Our ancestors lit bonfires on the highest hills all over the countrysides on Solstice night.  The light was supposed to help the sun, who symbolically dies on the longest, darkest night of the year, and is symbolically reborn the following morning.  They could see that on this night each year, the sun was at its weakest point.  But if it could just manage to rise tomorrow morning, it would once again begin to grow stronger. (As the days begin to grow longer beginning on the day after the Winter Solstice.) The bonfires, the candles (and our holiday lights too, today, I suppose) were supposed to lend extra power to the infant sun to help it be reborn.  This reflects the notion we all still have today--that nothing will ever get done unless we do it ourselves.
We humans like to feel important that way.  ;)

The message of the Winter Solstice is this: Even when things appear to be dark and sort of dead, they aren't really.  Life and light are always there, maybe waiting backstage, maybe hidden in shadow, but only briefly.  They always come through.  Hopelessness is really just a misunderstanding. Death is an illusion.  Darkness is really only a shadow cast by the sun. And all of it is temporary. When you see the Christmas lights twinkling, and the candles glowing, and the fireplaces crackling, be reminded of that beautiful message. 

Every single dawn is a new beginning, but the dawn after the Solstice is one of the most powerful new beginnings of all, the biggest one of the year!  If you've been needing a fresh start, here it is. 

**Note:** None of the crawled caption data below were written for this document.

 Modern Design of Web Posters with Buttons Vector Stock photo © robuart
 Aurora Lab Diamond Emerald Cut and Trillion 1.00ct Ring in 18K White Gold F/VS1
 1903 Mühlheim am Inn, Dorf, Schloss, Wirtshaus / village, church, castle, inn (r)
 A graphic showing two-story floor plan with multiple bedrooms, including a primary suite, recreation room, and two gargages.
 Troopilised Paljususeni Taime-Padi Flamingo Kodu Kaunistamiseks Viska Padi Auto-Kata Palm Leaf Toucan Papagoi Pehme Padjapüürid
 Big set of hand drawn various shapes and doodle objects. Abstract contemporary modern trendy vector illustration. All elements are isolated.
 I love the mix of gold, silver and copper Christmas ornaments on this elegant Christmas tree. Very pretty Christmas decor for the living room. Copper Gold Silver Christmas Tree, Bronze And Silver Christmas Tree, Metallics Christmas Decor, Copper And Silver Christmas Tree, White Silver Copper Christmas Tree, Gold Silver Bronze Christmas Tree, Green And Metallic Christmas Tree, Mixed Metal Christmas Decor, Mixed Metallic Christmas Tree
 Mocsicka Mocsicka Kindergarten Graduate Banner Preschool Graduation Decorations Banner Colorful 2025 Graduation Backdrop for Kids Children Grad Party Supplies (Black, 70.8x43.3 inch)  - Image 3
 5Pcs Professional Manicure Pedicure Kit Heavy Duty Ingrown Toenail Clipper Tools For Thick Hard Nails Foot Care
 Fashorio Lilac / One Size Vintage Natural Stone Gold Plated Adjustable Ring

Tonight, then is the perfect night to write down all your bad habits or things you no longer want in your life, and then burn the paper on which you've jotted them, letting them go with the darkness. Don't give them too much thought or attention.  This is a ritual of letting go.  Scribble quickly, don't mull or mope.  Then burn them and say goodbye.  Forget about those things from then on, and turn your attention to the new things you want to bring in to replace them. Make a list of every wonderful think you want in the new year.

Tonight is the night I traditionally leave my letter to Santa out with an offering of cookies and milk.  (I'll leave it out again on Christmas Eve, cause I like to cover my bases.)  It contains everything I hope for, wish for, dream of, desire and crave in the coming year. 

Santa always delivers, too. I just received one of my wishes from last year's Santa letter this past Sunday--my whole family together, including my soulmate, celebrating holidays in peace and joy. I can remember when such a thing seemed impossible.  But it unfolded easily, naturally, at its own pace, in its own time, and was absolutely wonderful.  

Another wish granted!  Thank you, Santa.  I really do believe!

What are you letting go of tonight?

What are you going to draw into your life to replace it in the coming year?

What can I do to help? (I can't read manuscripts, folks, but I can advise, comfort, talk and listen.)

Blessed Solstice and a Peaceful Yuletide to one and all!